"Fluent English, eh?" said Cleek.
"Re-markable sir, for a pore benighted 'eathen. It's wonderful, that's wot I calls it, but it all came of 'im a wanting to go a fishing——"
"Fishing—a Hindoo go fishing?" Cleek's brows came together in a heavy frown and his eyes narrowed down to pin points at this remarkable statement.
"Yes, sir, you know the grounds of Cheyne Court slope right down to the river, and there is a fine bit of water there. According to my Jim, he went to ask the old lady's permission first, but getting no answer to all his knocks at the front door, he takes kind of French leave, as yer might say, and goes down to the spot, and starts in to fish. Well, sir, as I takes it, the old lady saw 'im from a hupper window and down she comes and abuses 'im like a pickpocket. Gunga he tried to pacify her, but she up and pushed him in, and as I said before, Jim's been a 'oly terror at language ever since! Not but it's any wonder, sir, cold water's not up to much at the best of times, and when you're an Indian and chucked in, so to speak, it's enough to make anybody's gorge rise. But I don't say but what the gent isn't as nice a man as you'd want to meet in a day's walk."
Cleek made no reply, but his brows twitched now and again and his mouth tightened, as he faced this startling problem. Here was a motive for revenge sure enough and something more, too. Why on earth would a Hindoo, presumably a Brahmin of high caste, to whom the taking of life in any form, however lowly, is an unforgivable sin, why would he pretend to want to fish, unless it were to spy on the land, and he be on the track of that ill-fated jewel the "Purple Emperor"? That the Indians would go so far as to kill Miss Cheyne Cleek did not believe, and yet—his mind harked back to that dark, bearded face in its white shroud.
"Hm," he said, casually. "Fine, bearded man I suppose?" They were fast approaching the gates of Cheyne Court once more as he spoke, and the constable swung round in his seat and looked at him.

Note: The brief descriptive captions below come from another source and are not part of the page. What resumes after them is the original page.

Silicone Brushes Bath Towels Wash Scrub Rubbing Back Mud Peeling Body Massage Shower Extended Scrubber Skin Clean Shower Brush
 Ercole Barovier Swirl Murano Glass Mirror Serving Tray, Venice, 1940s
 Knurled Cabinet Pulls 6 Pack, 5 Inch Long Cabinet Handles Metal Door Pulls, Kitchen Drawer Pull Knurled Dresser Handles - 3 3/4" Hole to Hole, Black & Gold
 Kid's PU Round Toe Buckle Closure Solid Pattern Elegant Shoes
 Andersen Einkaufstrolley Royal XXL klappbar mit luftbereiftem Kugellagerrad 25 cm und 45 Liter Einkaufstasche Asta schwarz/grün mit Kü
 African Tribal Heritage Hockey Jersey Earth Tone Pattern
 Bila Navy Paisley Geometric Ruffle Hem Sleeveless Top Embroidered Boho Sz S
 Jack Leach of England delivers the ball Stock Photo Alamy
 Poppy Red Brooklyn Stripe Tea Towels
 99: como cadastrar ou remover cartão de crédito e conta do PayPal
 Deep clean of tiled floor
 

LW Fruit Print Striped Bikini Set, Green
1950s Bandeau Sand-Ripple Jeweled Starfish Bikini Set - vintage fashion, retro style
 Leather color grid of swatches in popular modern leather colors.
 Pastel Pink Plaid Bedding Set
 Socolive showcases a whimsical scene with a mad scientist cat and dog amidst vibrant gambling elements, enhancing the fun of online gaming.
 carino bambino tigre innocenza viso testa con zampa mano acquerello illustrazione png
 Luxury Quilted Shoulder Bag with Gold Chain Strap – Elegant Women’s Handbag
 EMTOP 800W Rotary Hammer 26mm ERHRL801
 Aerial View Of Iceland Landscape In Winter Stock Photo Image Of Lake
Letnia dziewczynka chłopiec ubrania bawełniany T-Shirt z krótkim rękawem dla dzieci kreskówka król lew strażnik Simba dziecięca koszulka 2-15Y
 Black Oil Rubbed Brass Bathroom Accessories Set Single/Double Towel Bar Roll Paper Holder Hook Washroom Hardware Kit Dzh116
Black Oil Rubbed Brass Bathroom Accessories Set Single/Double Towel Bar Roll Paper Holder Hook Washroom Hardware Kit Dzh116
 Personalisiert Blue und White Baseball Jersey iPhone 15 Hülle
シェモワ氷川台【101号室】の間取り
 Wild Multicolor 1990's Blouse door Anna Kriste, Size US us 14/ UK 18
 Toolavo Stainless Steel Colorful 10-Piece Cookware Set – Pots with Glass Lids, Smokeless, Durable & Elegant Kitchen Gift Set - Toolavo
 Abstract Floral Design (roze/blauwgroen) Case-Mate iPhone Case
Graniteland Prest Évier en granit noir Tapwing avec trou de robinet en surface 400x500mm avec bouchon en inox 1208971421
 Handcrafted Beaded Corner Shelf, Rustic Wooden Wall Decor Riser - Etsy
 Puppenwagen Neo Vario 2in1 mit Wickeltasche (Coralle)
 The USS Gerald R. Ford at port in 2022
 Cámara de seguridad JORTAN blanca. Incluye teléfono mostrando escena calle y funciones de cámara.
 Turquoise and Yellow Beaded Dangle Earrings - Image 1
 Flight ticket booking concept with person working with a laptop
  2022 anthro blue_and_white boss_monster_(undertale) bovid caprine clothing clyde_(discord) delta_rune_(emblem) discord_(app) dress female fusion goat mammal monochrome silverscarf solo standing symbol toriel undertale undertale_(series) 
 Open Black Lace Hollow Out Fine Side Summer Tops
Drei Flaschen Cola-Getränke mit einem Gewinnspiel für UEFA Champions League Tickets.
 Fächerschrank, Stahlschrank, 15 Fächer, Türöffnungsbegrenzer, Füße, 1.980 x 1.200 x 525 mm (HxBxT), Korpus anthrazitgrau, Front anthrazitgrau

"What, Gunga Dall, sir?" said he, a note of surprise in his tones. "Not 'e sir, not a blessed 'air on his face. Comes down often to the village for a drink, too, regular pleasant gent as wouldn't 'urt a fly. No, sir, 'e wouldn't do a baby no 'arm Mr. Gunga Dall wouldn't, an' if you're a thinking that 'e's 'ad any part in it—— Oh, no, sir! I'd stake my life on it I would. Nearly there, ain't we? I pity that pore young thing fast asleep in the house with the corpse. Bit of a risk to leave 'er, sir, wasn't it?"
"I couldn't help myself," flung back Cleek irritably, for had not the same thought been torturing him ever since he had sped down the drive? "I should have had to tell her if I woke her up, poor child, and she was too dead-beat to stir for the next couple of hours."
"Not too dead-beat not to get a light, anyway," said Constable Roberts, pointing in the direction of the house, and as Cleek raised his eyes from the steering wheel he saw a sight that caused the machine to swerve wildly in consequence. For the dark deserted house over which he had wandered barely half an hour before, leaving it tenanted by a sleeping girl and the body of the only relative she had possessed in the world, was now gaily lit from top to bottom and from behind the blinds of one of the rooms could be seen the be-capped head of a maid.